PEZ: How’s the recovery going, Bert?
Bert: I’ve had to struggle hard to get back after my crash in last year’s Vuelta, but I feel that I’ve cleared a hurdle and arrived at a level where the work I’m doing is all having an effect – I’m definitely back to where I was.

PEZ: The Silence Lotto team plan for Paris-Tours?
Bert: We were trying to get our sprinters into as good a position as possible. We knew that it wouldn’t be easy to keep it together for a bunch sprint – we knew that Gilbert would take off; he’s done it the last couple of years, but hasn’t had a good understanding with the riders he’s been away with.
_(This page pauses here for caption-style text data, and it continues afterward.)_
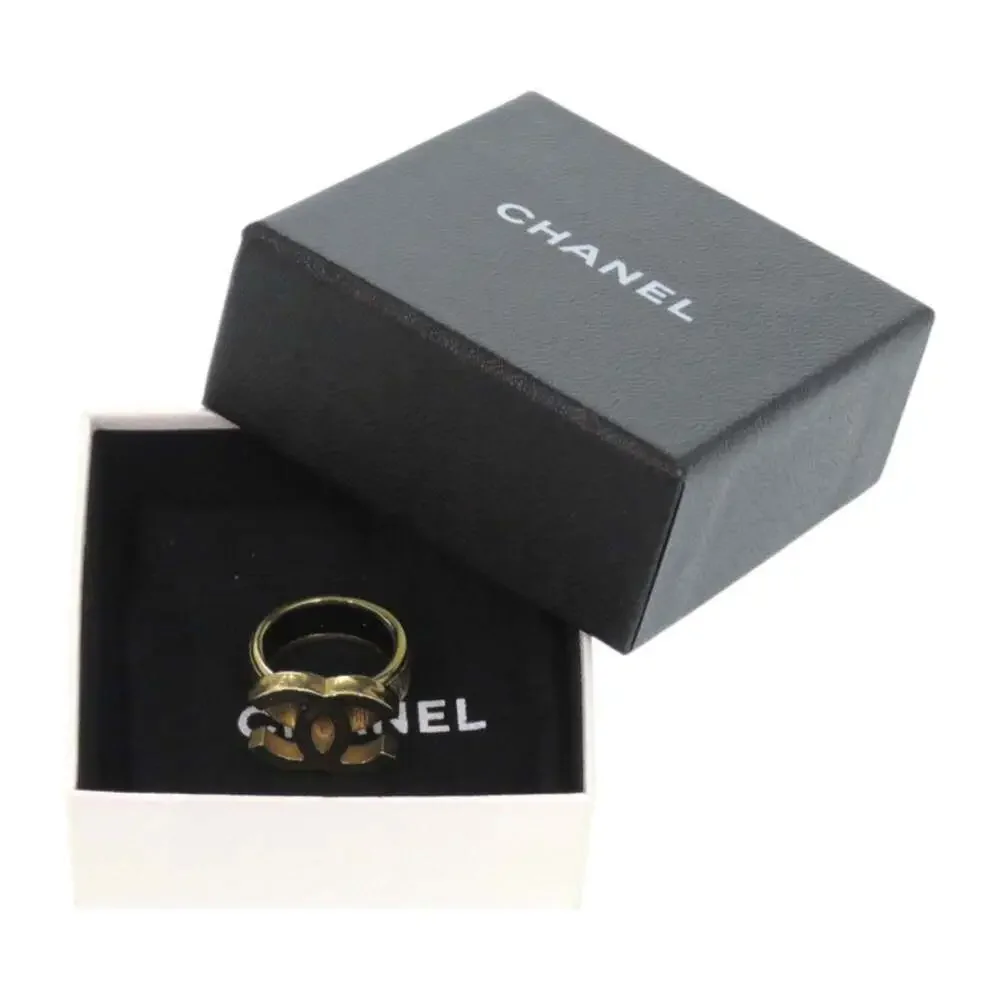 CHANEL Black Logo Ring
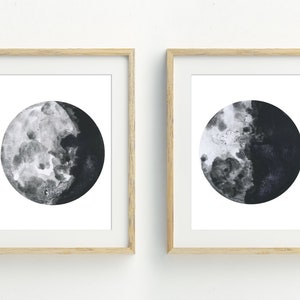 Moon Phases Art Prints, Printable Moon Wall Art, Modern Wall Art, set of 2 moon prints, celestial wall art, Printable Wall Art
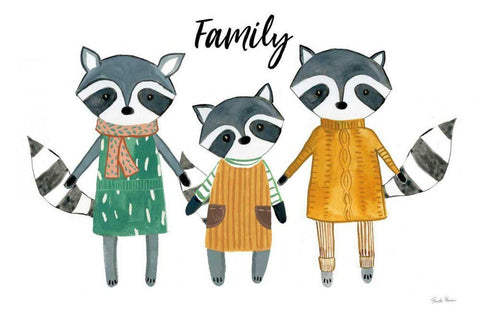 Neighborhood Pals X Family White Modern Wood Framed Art Print with Double Matting by Zaman, Farida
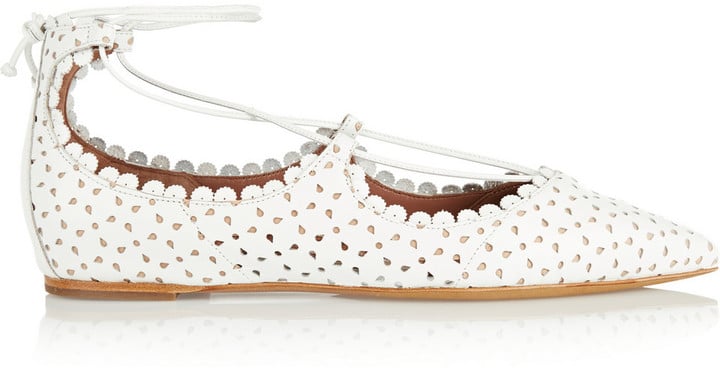 Tabitha Simmons Willa Perforated Leather Point-Toe Flats ($695) | 40+ Shoes  For the Bride Who Wants (and Deserves!) to Be Comfortable | POPSUGAR  Fashion Photo 14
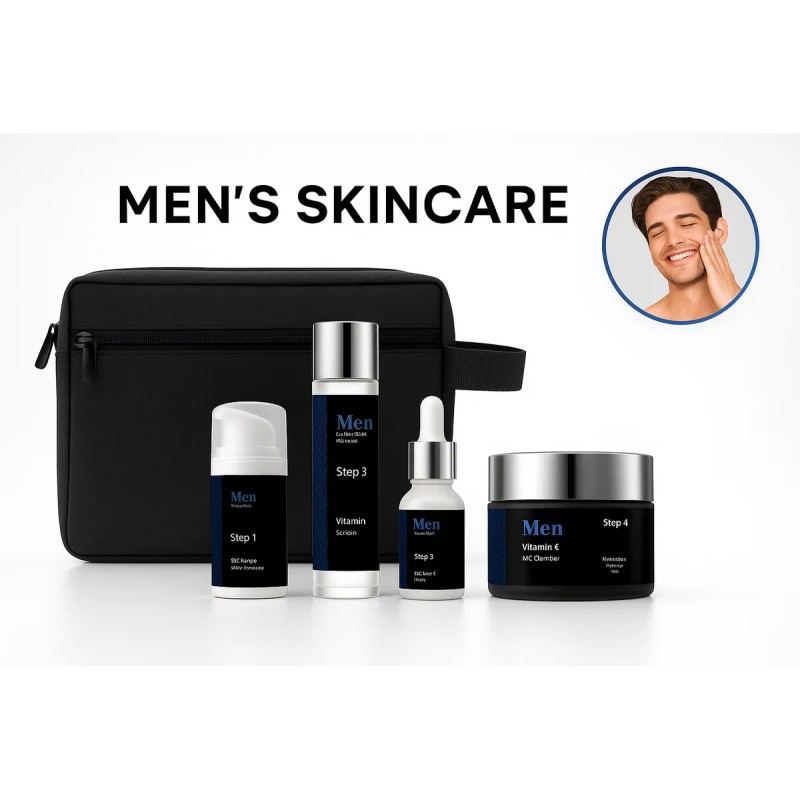 Set Limpiador Tónico Serum Crema Vitamina Hombre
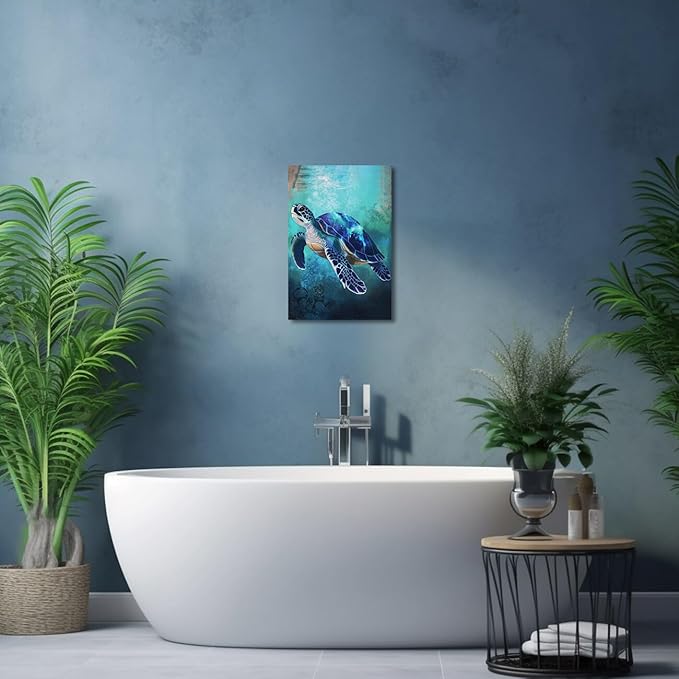 AWPANERAR Sea Turtle Wall Art Bathroom Pictures Watercolor Sea Life Canvas Prints Ocean Animal Poster Nautical Theme Artwork for Kids Room Nursery Decor Framed (Blue, (42L x 28W))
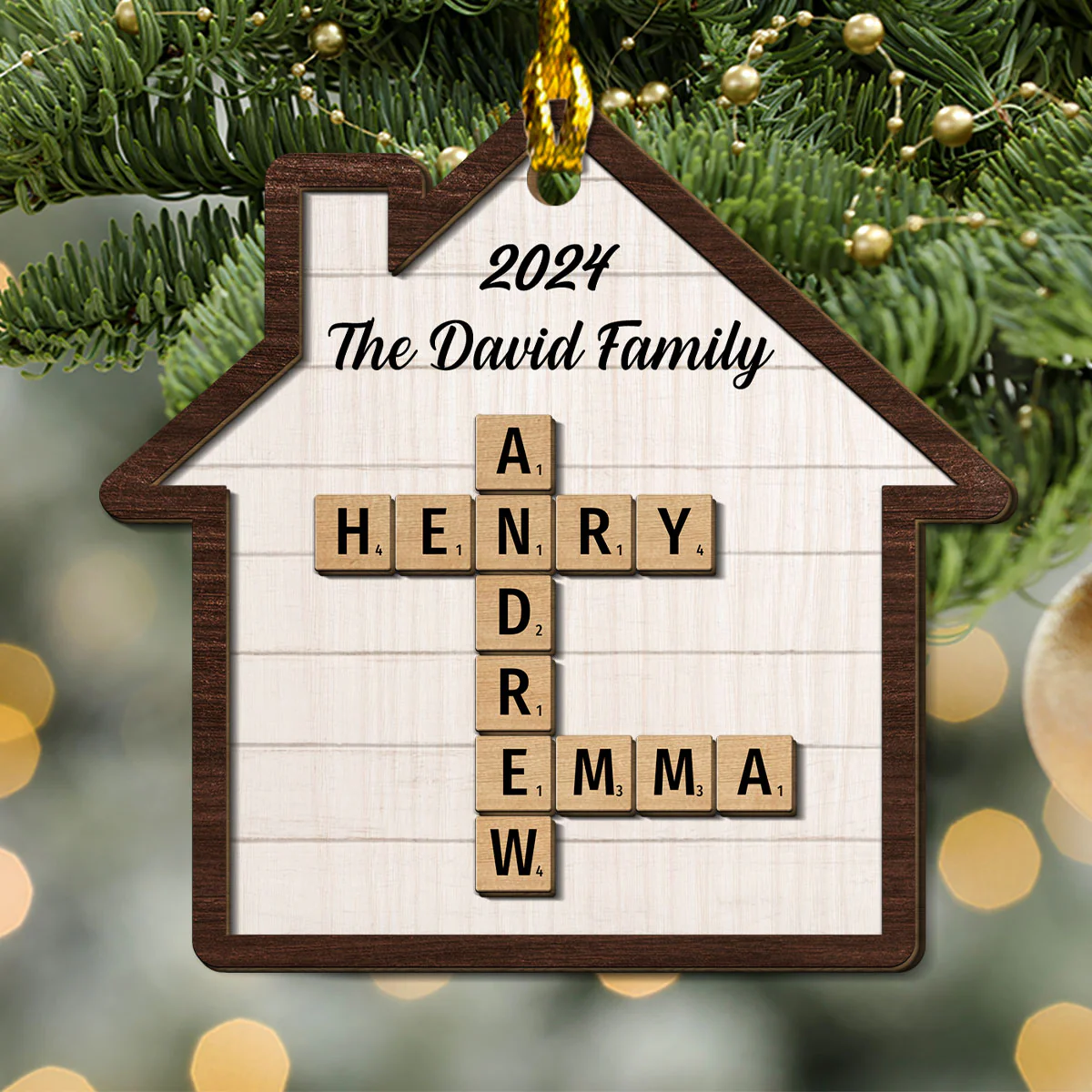 Happy Family - Personalized Custom Freeshape 2-Layered Wood Ornament - Image 2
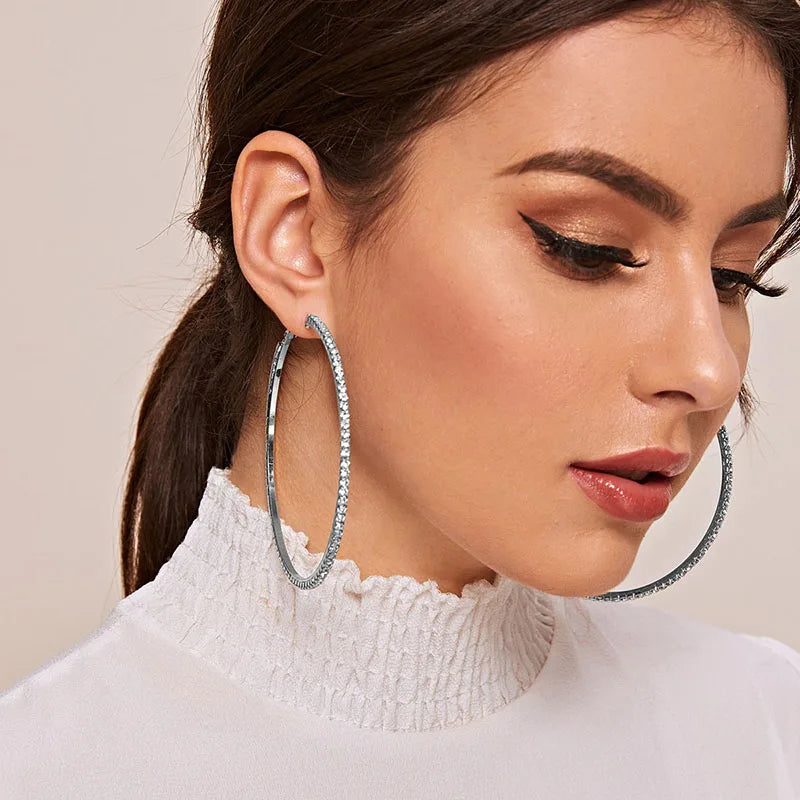 Hoop Earrings Circle Crystal Rhinestone Fashion For Women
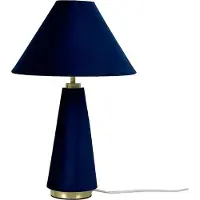 Relaxdays Tischlampe, Samtschirm & Metallfuß, E14, HD 47x30 cm, Nachttischlampe mit Kabel, Schlafzimmer, dunkelblau/gold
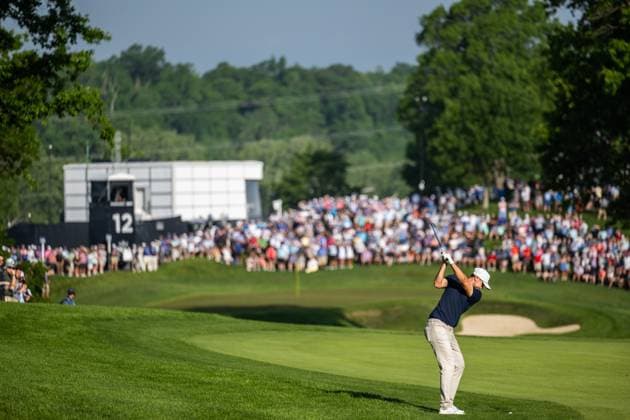 240516 Ludvig Aberg of Sweden during the first round of the 2024 PGA Championship Golf Tournament on May 16, 2024 in Louisville Photo Petter Arvidson BILDBYRAN kod PA PA0809 golf pga championship 1 bbeng sverige  Copyright: PETTERxARVIDSON BB240516PA017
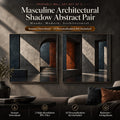 Architectural shadow abstract printable wall art pair in a charcoal modern bedroom with steel blue and rust accents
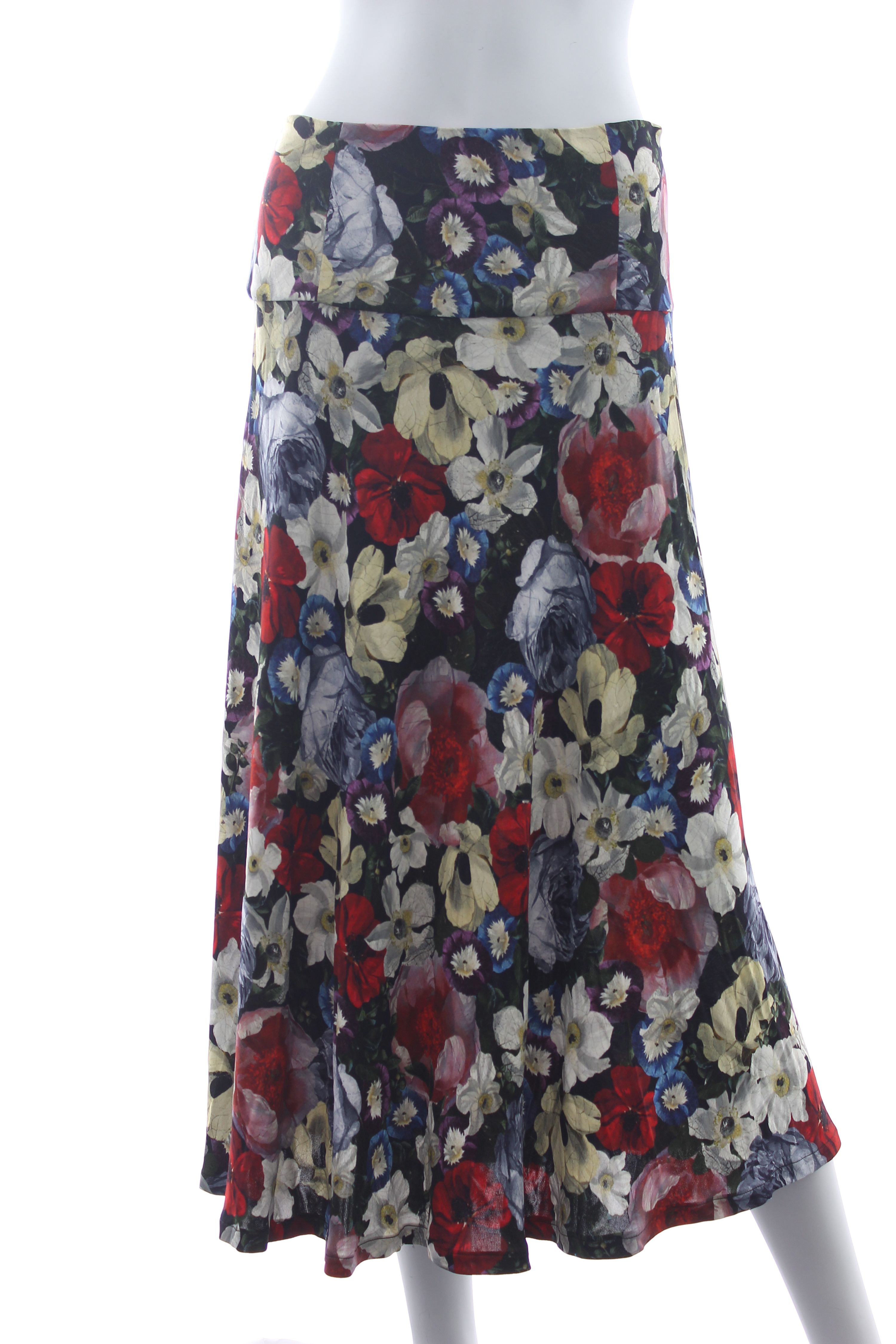 Preowned Erdem Elvin Floral Print Satin-Jersey Midi Skirt Size S Multi viscose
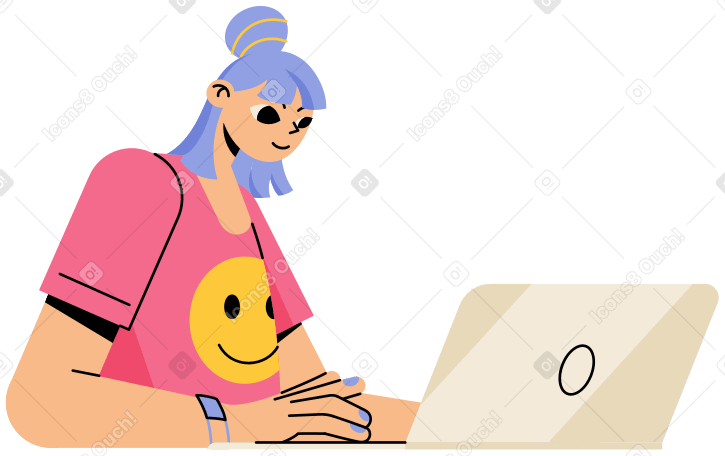 Girl with laptop animated illustration in GIF, Lottie (JSON), AE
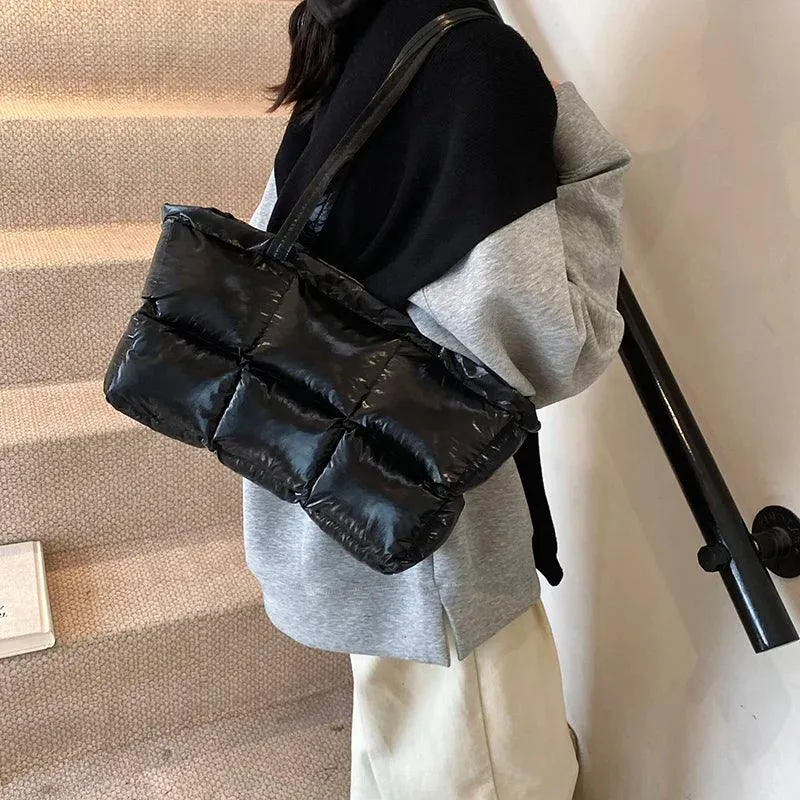 Tote Bags Quilted Plaid Nylon Padded Soft Waterproof Snap Women Shoulder Bags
This year he had a teammate in the break and that made all the difference for him.

Both Robbie and Bert will be moving on in 2009.

PEZ: Who was your best finisher?
Bert: Robbie McEwen was sixth, that’s an acceptable result in the circumstances. It’s always better if you win, but bike racing doesn’t always go like you think it will.

PEZ: How was your own race?
Bert: I did a lot of work for Robbie until 20 or 30 to go, where Sentjens and Tjallingii took over. I kept close to him, kept him out of trouble and went back to the car for him when it was required.

PEZ: How many times have you ridden Paris-Tours?
Bert: It’s my third time, it’s a good race if the weather is nice, like it was on Sunday.

No worries about bad weather this weekend. It was perfect.

PEZ: Was it a poor/good/great edition?
Bert: I think the finalй was one of the best, better than the last few years – and of course, it’s always good when a Belgian wins!

PEZ: Do you ever use the inside chainring?
Bert: No, I think if you do, you’re not in the race anymore!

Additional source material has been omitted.